College Honors and a Bandon Dunes Detour Worth Noting

A handful of Wisconsin-connected collegiate golfers collected postseason recognition this spring. Butler sophomore Treva Dodd of Brookfield earned first-team all-Big East honors, leading her program in scoring with two wins and five top-five finishes. Navy sophomore Vivian Cressman of Middleton earned first-team all-Patriot League honors and helped the Midshipmen claim a third consecutive Patriot League team title. Army sophomore Tyson Sparks of Muskego also earned first-team all-Patriot League recognition. At the junior college level, Bryant & Stratton freshman Marquez Angeles of Wauwatosa became the first golfer in program history to win an NJCAA Region 4 title, then finished T-3 at the NJCAA Division II Championships, shooting rounds of 75-72-72-71.

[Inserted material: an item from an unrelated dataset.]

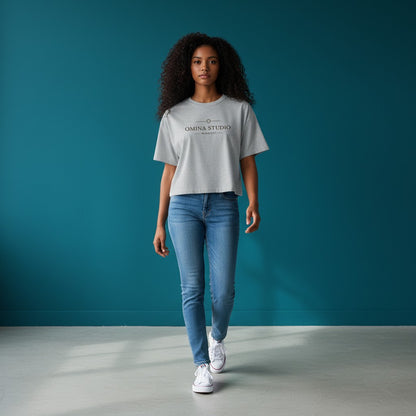 Omina Studio light grey cotton blend cropped t-shirt with Omina Studio logo and Roman numerals MMXXVI on the front.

And then there is Charlie Stankiewicz - a former Middleton golfer who led his high school program to the 2014 WIAA Division 1 state tournament, quietly disappeared from the Wisconsin golf conversation, and resurfaced last week at the U.S. Four-Ball Championship at Desert Mountain Club. Partnering with fellow Bandon Dunes caddie Jimmy Kelley, Stankiewicz shot 68-71 in stroke-play qualifying and missed the playoff for the final match-play spot by two strokes. He has been at Bandon Dunes for six and a half years - he drove out one day and asked for a job - and by his own account, plays constantly. "If you like to play golf, I play golf literally all the time," he said. The U.S. Four-Ball heads to Erin Hills in 2027. Whether Stankiewicz and Kelley show up for that one is an open question. But given the trajectory, it would not be surprising.